My goal is to determine the relationship between a diamond’s carat and price.

Data

The data is a sample dataset included in the tidyverse r package. It has variables such as carat, price, cut, color, and depth.

q <- ggplot(diamonds.small,aes(x=carat, y=price))+
  labs(x="Carat",y="Price")

q + geom_point() +
  theme_minimal()#scatter plot

Graph 1: A standard scatterplot of carat vs. price

q + geom_count(aes(size=..prop..),alpha=.5) #bubble plot

Graph 2: A scatter plot of carat vs. price in which the size of the points is proportional to the frequency (sometimes called a bubble plot)

q + geom_count(aes(size=..prop.., color=as.factor(cut)),alpha=.5) #bubble plot

# q + geom_count(aes(color=as.factor(cut)),alpha=.5) #bubble plot

Graph 3: A scatter plot of carat vs. price in which the size of the points is proportional to the relative frequency and the color is determined by the quality of the cut

q + geom_bin2d() # tile plot displaying 2D density

q + geom_bin2d(bins=c(20,20))#+

 # geom_jitter(color="green")#controlling binning in tile plot

Graph 4: A tile plot showing the observed bivariate density of carat and price

q + stat_density2d(aes(color=..level..))+scale_color_gradientn(colors=topo.colors(5))

Graph 5: A contour/level plot showing a two-dimensional kernel density estimate for the bivariate distribution of carat and price

q + geom_jitter(alpha=.5)+
  geom_smooth(method="lm",se=T,level=.95)#jittered scatter plot

Graph 6: A jittered scatter plot of carat versus price overlaid with the least squares regression line for predicting price based on carat. Include the 95% confidence bands around the line.

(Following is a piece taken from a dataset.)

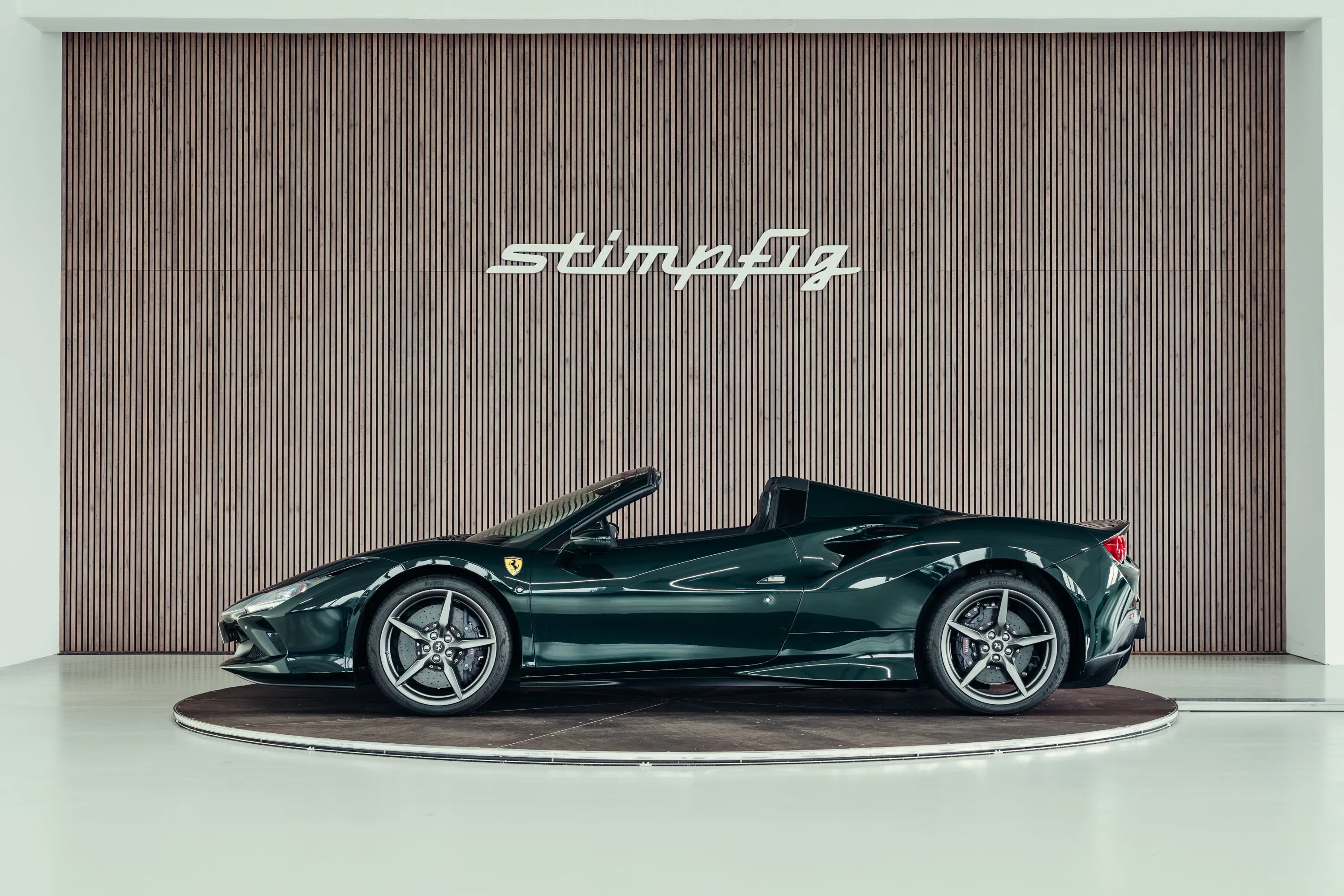 2021 Ferrari F8 Spider, 2/30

graph7 <- ggplot(diamonds.small,aes(x=carat, y=price,color=as.factor(cut))) +
  geom_jitter() + geom_smooth(method="lm",se=T,level=.67)
graph7

Graph 7: A jittered scatter plot of carat versus price in which the cut quality is mapped to some aesthetic, overlaid with separate least squares regression lines for predicting price based on carat for each cut quality. Include the 67% confidence bands around the lines.

graph8 <- ggplot(diamonds.small,aes(x=carat, y=price,color=as.factor(cut))) +
  geom_jitter() + geom_smooth(method="lm",formula=y~poly(x,2),level=.50)
graph8

Graph 8: Repeat graph (7), but use polynomial regression instead of simple linear. Choose the polynomial degree you think (based on a visual inspection) gives the best fit with the smallest possible degree.

Conlusions

Carat and price are directly related. When the carat is high, the price will be higher. The price also depends on the quality of the cut, as can be seen in the eighth graph.